ヒステリー、失声、失立失歩、狭視野などの身体的な症状は、一般的には「ヒステリー症状」として知られ、過去には精神病理学的な診断として使用されていましたが、現代の医学や心理学では解離性障害や転換性障害のアプローチが取られています。これらの症状は心理的な原因やトラウマに起因する場合があり、適切な治療や心理療法が必要とされます。また、緘黙症(selective mutism)や転換性障害(conversion disorder)は、身体化や病気不安症とは異なる精神疾患です。これらの障害は、心理的な要因によって引き起こされ、身体の症状や不調とは異なる特徴を持っています。

ヒステリー症状

「ヒステリー症状」として知られる身体的な症状や障害は、精神病理学的な診断として過去に使用されていましたが、現代の医学や心理学では解離性障害や転換性障害のプローチが取られています。これらの症状は、かつて「ヒステリア」という用語で表され、精神病理学の文脈で考察されてきましたが、近年ではその理解と診断が変わってきています。

  1. 一般的な理解
    ヒステリー症状は、過去には特に女性に関連付けられ、身体的な症状が精神的なストレスや葛藤の結果として現れるとされていました。しかし、この用語は過去の文脈では性差別的であったため、現代の医学と心理学では避けられることが一般的です。
  2. 現代のアプローチ
    現代の医学や心理学では、これらの症状は異なる診断とアプローチに従って評価されます。たとえば、転換性障害(conversion disorder)は、身体の機能障害が心理的な要因によって引き起こされる疾患として認識されています。失声、失立失歩、狭視野などは、心理的な要因に関連する神経学的な症状として評価されます。
  3. 防衛機制との関連
    ヒステリー症状は、一部の場合には心理的な防衛機制と関連していることがあります。ストレスや葛藤に対処できない場合、身体的な症状を通じてそのストレスを表現しようとすることがあります。これは転換と関連があることもありますが、一般的な防衛機制としては異なります。

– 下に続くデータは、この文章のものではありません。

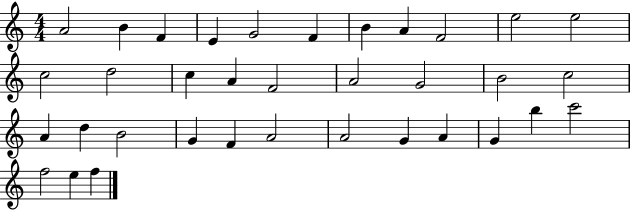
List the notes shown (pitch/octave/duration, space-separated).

A4/h B4/q F4/q E4/q G4/h F4/q B4/q A4/q F4/h E5/h E5/h C5/h D5/h C5/q A4/q F4/h A4/h G4/h B4/h C5/h A4/q D5/q B4/h G4/q F4/q A4/h A4/h G4/q A4/q G4/q B5/q C6/h F5/h E5/q F5/q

要するに、現代の医学や心理学では、ヒステリー症状に対して性別に偏ったある種のステレオタイプ的なアプローチは避けられ、より包括的かつ科学的な診断と治療が提供されます。身体的な症状が心理的な要因に起因する場合、それに関連する診断とアプローチが適用され、患者に適切なサポートが提供されるよう努力されています。

緘黙症と転換性障害

緘黙症と転換性障害は、言語や身体機能に関する異常を示す点で共通していますが、それぞれ異なる精神疾患であり、身体化や病気不安症とは区別されます。身体化は身体的な症状が心理的なストレスによって引き起こされる現象を指し、病気不安症は病気への過度な不安や恐れに焦点を当てた障害です。

  1. 緘黙症(Selective Mutism)
    • 緘黙症は、一般的に言語発達に関連する障害で、主に子供に見られることがあります。特定の社交的な状況(たとえば、学校や公共の場で)で話すことができず、他の状況では通常通り話すことができることがあります。これはコミュニケーションの困難さに関連しており、心理療法や言語療法が一般的に治療に用いられます。
  2. 転換性障害(Conversion Disorder)
    • 転換性障害は、身体の異常な症状や機能障害が、心理的なストレスや葛藤によって引き起こされる障害です。具体的な症状はさまざまで、例えば、視覚障害、麻痺、歩行困難、けいれんなどが該当します。これらの症状は身体的な原因がなく、心の問題に起因しています。治療には心理療法が一般的に使用されます。